Before his own wedding, a salesman talked Jaber out of buying the besht of his dreams. "He said: 'It's just for two hours, man. You're going to spend a fortune on it? You're going to take some photos, some videos and then you're going to put it in your cabinet'."

But photographs tell the truth, warns Jaber. For grooms, he makes a special besht trimmed in 18-karat gold-plated threads that costs from Dh13,000. "The bride will be wearing gold and the gold on the besht is supposed to match the gold on her neck. Otherwise you will see a pinkish colour and the real golden colour will be different."

Jaber's designs combine the best craftsmanship of the Gulf. The zari, or embroidered trim, is done in the Al Hasa oasis region of eastern Saudi Arabia and the tissue-thin wool is sourced from Najaf in Iraq, a city renowned for its weavers.

Working on wooden hand-looms, it takes a weaver three to 10 days to make a single piece of cloth. These businesses have been damaged by factory-made textiles. Families who have relied on this tradition for generations are going out of business.

Kuwait has a solution, says Jaber. After a woman from Kuwait's parliament began to don the cloak, the besht has become popular with women too.
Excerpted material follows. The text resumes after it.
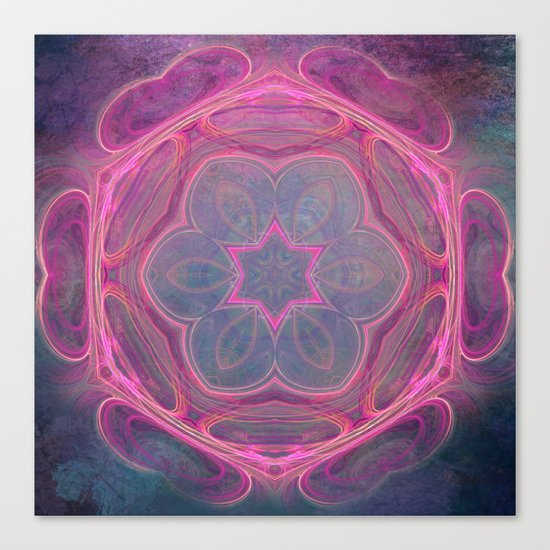 whimsical fractal love in pink Canvas Print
His women's line is modelled on Instagram by the Kuwaiti Shaikha Bashayer Nayef Al-Sabah and orders have come in from women in Abu Dhabi and Dubai.

"Some people find it very offensive that ladies are wearing something for men and they say it's not appropriate," says Jabber, pulling out a hot pink besht with gold trim.

Some rules though are simply made so that they are broken.